Henry Fayol, seorang industrialis Perancis, sesungguhnya merupakan contributor utama dalam kelompok ini. Menariknya, dia tidak dikenal oleh para pebisnis dan praktisi manajemen selama hidupnya hingga bukunya yang berjudul General and Industrial Management diterjemahkan ke bahasa inggris pada tahun 1930. Berdasarkan pengalamannya, manajemen sangat memerlukan proses pengarahan yang dilakukan secara sistematis di antara pekerja dan manajer agar produktivitas organisasi secara keseluruhan meningkat.
Selain kontribusinya tersebut, Fayol juga termasuk tokoh pertama yang memperkenalkan kegiatan-kegiatan operasional dari sebuah perusahaan, yaitu kegiatan teknis, kegiatan komersil, kegiatan keuangan, kegiatan keamanan, kegiatan akuntansi, dan kegiatan manajerial. Adapun kegiatan manajerial yang dimaksud adalah kegiatan yang terdiri dari fungsi-fungsi manajemen, yaitu perencanaan, pengorganisasian, pemberian perintah, pengoordinasian, serta pengawasan dan pengendalian. Fayol meyakini bahwa keseluruhan fungsi manajemen ini merupakan inti dari kegiatan manajemen.
 Selain Fayol, Lyndall Urwick juga menekankan pentingnya fungsi-fungsi manajemen dalam kegiatan organisasi. Setelah menyelesaikan kariernya sebagai kepala angkatan bersenjata di Inggris, Urwick lebih dikenal sebagai ahli dan konsultan manajemen. Dia melakukan integrasi atau penggabungan teori manajemen ilmiah sebagaimana dikenalkan oleh Taylor dan pasangan Gilberth dengan apa yang telah dikenalkan oleh Fayol. Di antara kontribusinya adalah lahirnya semacam panduan atau guidelines bagi pelaksanaan  fungsi-fungsi manajemen dalam organisasi. Namun kemudian, Urwick lebih dikenal sebagai seseorang yang mampu menggabungkan teori-teori dari kelompok-kelompok manajemen terdahulu daripada kontribusinya mengenai fungsi-fungsi manajemen dalam organisasi.

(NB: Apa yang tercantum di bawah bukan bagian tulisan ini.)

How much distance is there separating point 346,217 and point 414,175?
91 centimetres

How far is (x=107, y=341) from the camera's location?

Sekalipun Max Weber hidup sezaman dengan Fayol dan Urwick, namun kontribusinya dalam teori manajemen baru dikenali setelah tahun 1947, di mana karyanya diterjemahkan ke bahasa inggris pada tahun tersebut. Weber, seorang ahli sosiologi dari German, memberikan kontribusi mengenai pentingnya birokrasi dan prosedur dalam kegiatan manajemen. Birokrasi dan prosedur merupakan salah satu kegiatan manajemen yang harus dilakukan agar keseluruhan organisasi bisa dijalankan dengan lancer dan mencapai tujuannya.
Kesimpulan Mengenai Perspektif Manajemen Klasik
Perspektif manajemen klasik yang terdiri dari kelompok manajemen ilmiah dan manajemen administrasi telah memberikan kontribusi berharga bagi dunia manajemen, dan memberikan dasar-dasar bagi pengembangan teori manajemen selanjutnya.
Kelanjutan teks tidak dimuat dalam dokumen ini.